A week after I arrived a large, loud, Spanish monk called Phunsok arrived to occupy the other room on my floor and share my bathroom.  He is here for a month long retreat/vacation. He regaled us all with stories from Samye Ling, where he has been resident for 18 years. After meeting me around the lunch table for 5 minutes he announced to everyone that he liked me. It was almost a Sally Field moment.  We later discovered that we had the same birthday and I wondered, was I as loud upon my arrival as he is? Actually it was the volume of my luggage that was loud. Phunsok has spent 7 out of the past 10 years in retreat.  I almost wrote jail. He is really very sweet.
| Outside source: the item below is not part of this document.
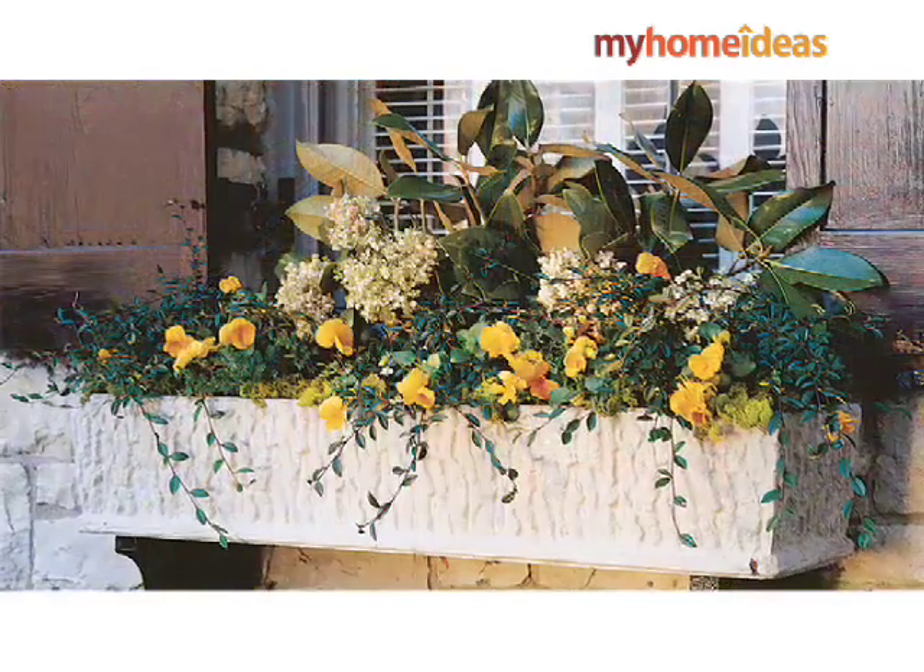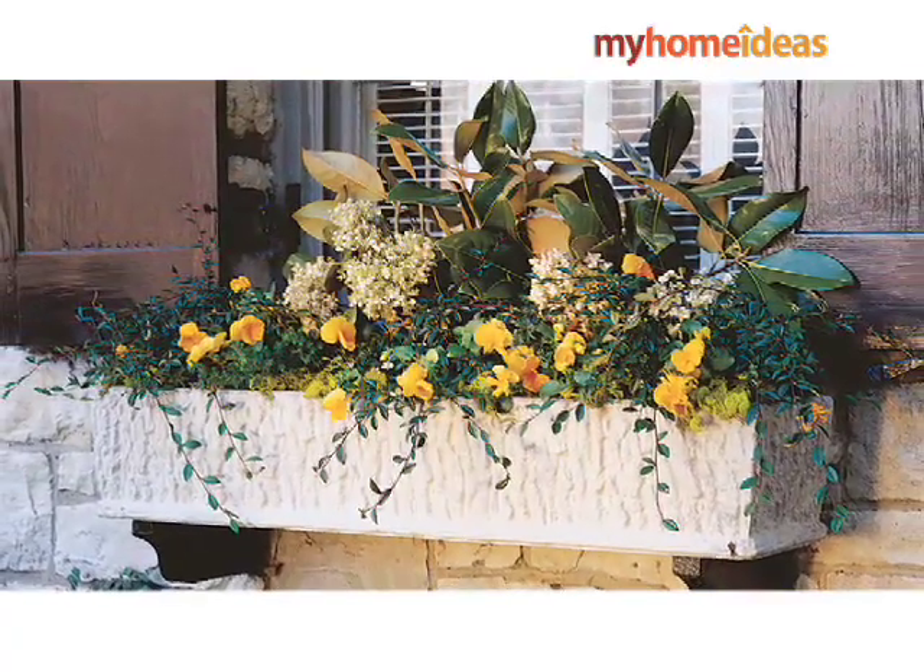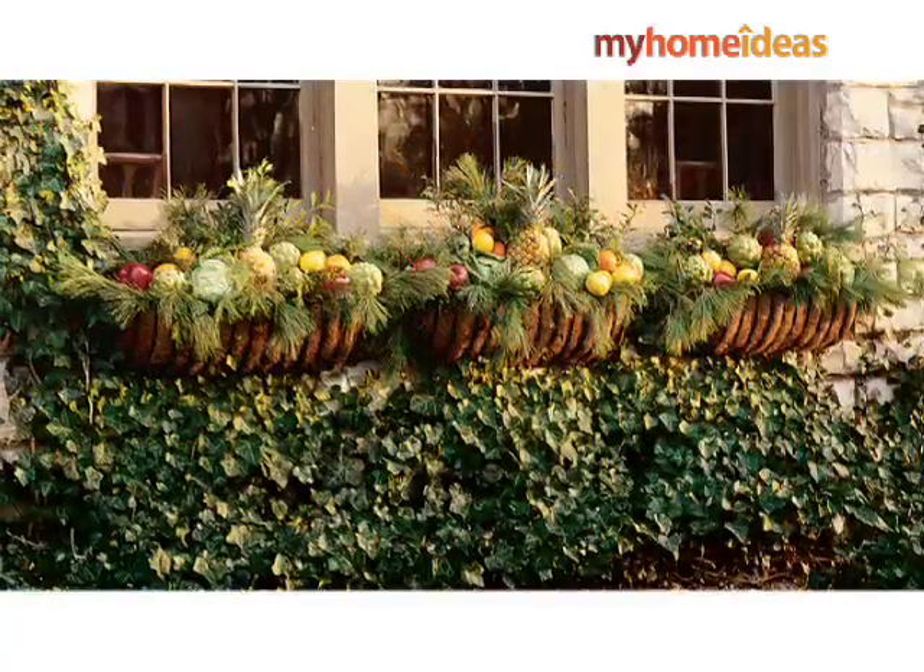For instant curb appeal, plant your window boxes with late season selections such as ornamental cabbage, mums, and ivy. These will keep your planters full of color well into winter.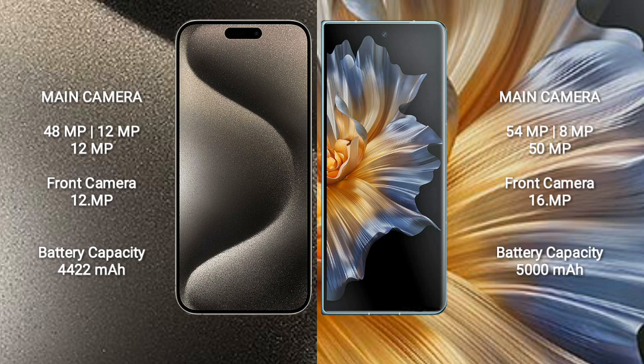The Honor Magic Vs has a 16MP front camera. The iPhone 15 Pro Max has a 4422mAh battery with 30-watt fast charging support. The Honor Magic Vs has a 5000mAh battery with 66-watt fast charging support.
I have had 2 growth experiences. The first was pulling a 60 pound writing table on my luggage trolley 2 miles from the North end to the South end in the pouring rain, on that same rocky road much traveled by wheelbarrow.. It felt like a real accomplishment and astonished everybody. The other was washing all my laundry by hand. The washing machine has been broken for 2 months. Actually washing isn’t too tough but ringing is really hard work. One of the nuns was watching me and as I was kneading my clothes in the basin I turned and asked her if imitating the action of the washing machine was the right way to do it. She howled with laughter and reminded me that the machine was designed to imitate the hands, not the other way round.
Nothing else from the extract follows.